Task statement. Exclude the pictures, then restate exactly each line of the data below from the first through the line containing "upstairs hallway/solid stairway sides".

The data.
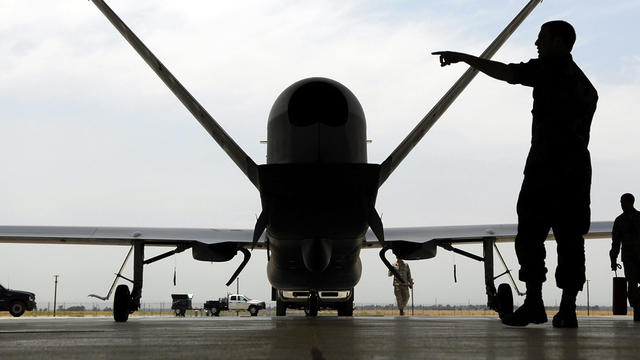 Sr. Airman Nicholas Hart helps guides an RQ-4 Global Hawk Block-20 into its hangar at Beale Air Force Base in Yuba County, Calif., June 30, 2008. 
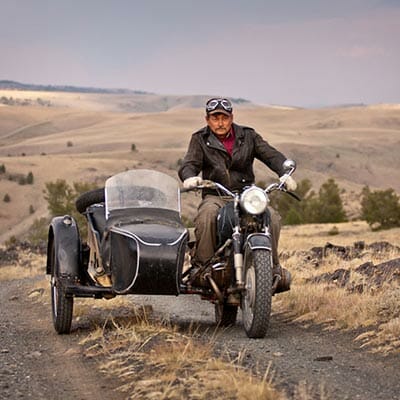John Mionczynski on his motorocycle with sidecar, sans goat.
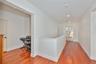 upstairs hallway/solid stairway sides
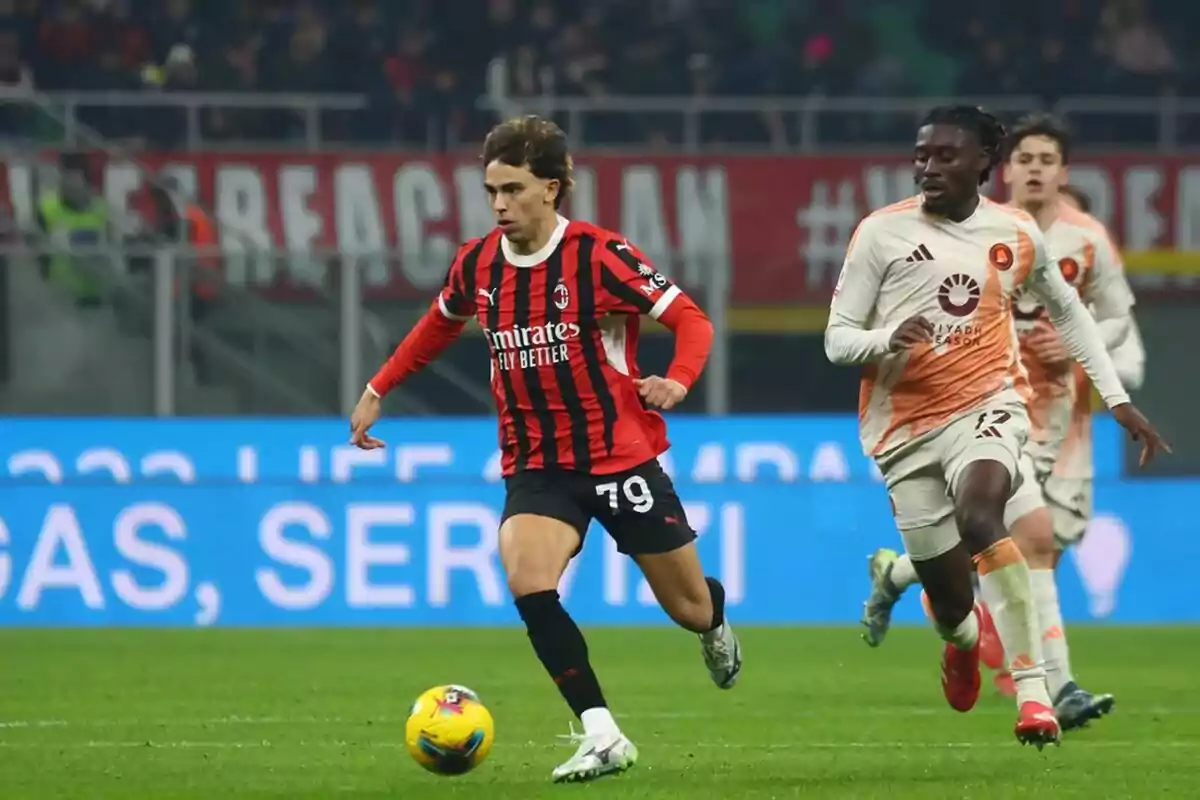 Un jugador de fútbol con uniforme rojo y negro corre con el balón mientras es perseguido por un jugador con uniforme blanco y naranja en un estadio.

Task response.
 Sr. Airman Nicholas Hart helps guides an RQ-4 Global Hawk Block-20 into its hangar at Beale Air Force Base in Yuba County, Calif., June 30, 2008. 
John Mionczynski on his motorocycle with sidecar, sans goat.
 upstairs hallway/solid stairway sides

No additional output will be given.